There are concepts and terms associated with canonical correlation. These concepts and terms will help a researcher better understand. They are as follows:
1. Canonical variable or variate: In canonical correlation is defined as the linear combination of the set of original variables. These variables are a form of latent variables.
2. Eigen values: The value of the Eigen values in canonical correlation are considered as approximately being equal to the square of the value. The Eigen values basically reflect the proportion of the variance in the canonical variate, which is explained by the canonical correlation that relates to the two sets of variables.
3. Canonical Weight: The other name for canonical weight is the canonical coefficient. The canonical weight in canonical correlation must first be standardized. It is then used to assess the relative importance of the contribution of the individual’s variable.
4. Canonical communality coefficient: This coefficient in canonical correlation is defined as the sum of the squared structure coefficients for the given type of variable.
5. Redundancy coefficient, d: This coefficient in canonical correlation basically measures the percent of the variance of the original variables of one set that is predicted from the other sets.

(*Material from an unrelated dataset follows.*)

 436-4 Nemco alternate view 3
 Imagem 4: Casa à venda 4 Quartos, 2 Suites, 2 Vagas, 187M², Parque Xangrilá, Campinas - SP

6. Likelihood ratio test: This significance test in canonical correlation is used to carry out the significance test of all the sources of the linear relationship between the two canonical variables.
There are certain assumptions that are made by the researcher for conducting canonical correlation. They are as follows:
1. It is assumed that the interval type of data is used to carry out canonical correlation.
2. It is assumed in canonical correlation that the relationships should be linear in nature.
3. It is assumed that there should be low multicollinearity in the data while performing canonical correlation. If the two sets of data are highly inter-correlated, then the coefficient of the canonical correlation is unstable.
4. There should be unrestricted variance in canonical correlation. If the variance is not unrestricted, then this might make the canonical correlation look unstable.
Most researchers think that canonical correlation is computed in SPSS. However, canonical correlation is obtained while computing MANOVA in SPSS. In MANOVA, canonical correlation is used in data sets where one refers to the one set of variables as the dependent and the other as the covariates.